The Fed in July raised the benchmark interest rate to a range between 5.25% and 5.5%, a 22-year high. The central bank paused monetary tightening in June to assess the impact from 10 consecutive hikes since March 2022.
Fed policymakers in a June forecast penciled in one more quarter-point increase, with their median estimate indicating a 5.6% federal funds rate by the end of 2023.
Futures traders predict a different outcome, setting a 55% probability that the main interest rate will end the year at its current level.
Shepherdson said he sees just a 25% chance of another rate hike, and predicts that annual core inflation will ease by the spring to less than 3% from 4.3% last month.
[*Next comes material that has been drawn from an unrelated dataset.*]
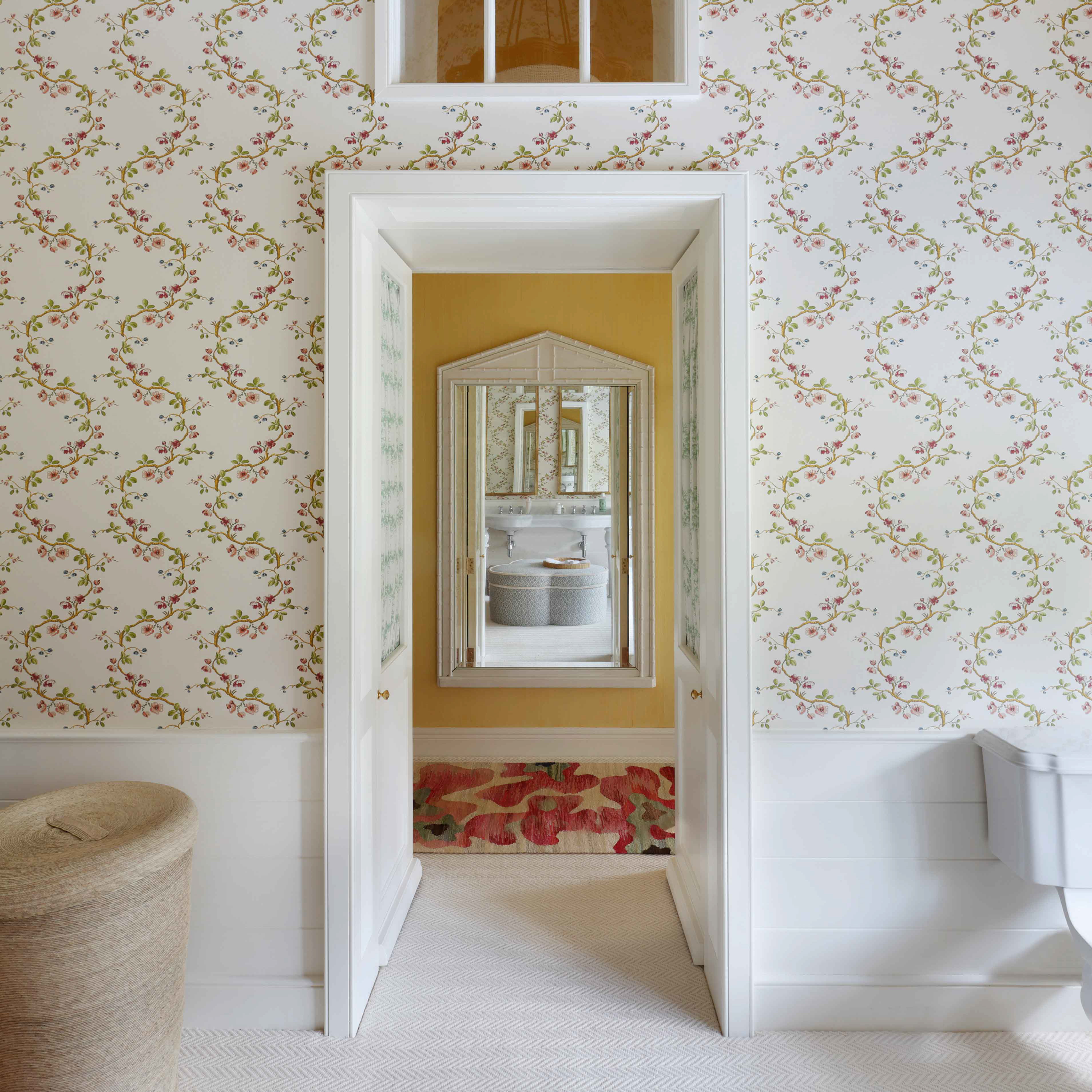 an open doorway leading to a bathroom with floral wallpaper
The Fed has pledged to reduce inflation to its 2% target.
“The month-to-month [inflation] numbers will inevitably hop around, with a bump starting in October due to the annual adjustment in health insurance costs, plus likely volatility in used vehicle prices and airline fares,” he said. “But the pace of rent increases is set to step down again, so the core numbers overall should look benign.”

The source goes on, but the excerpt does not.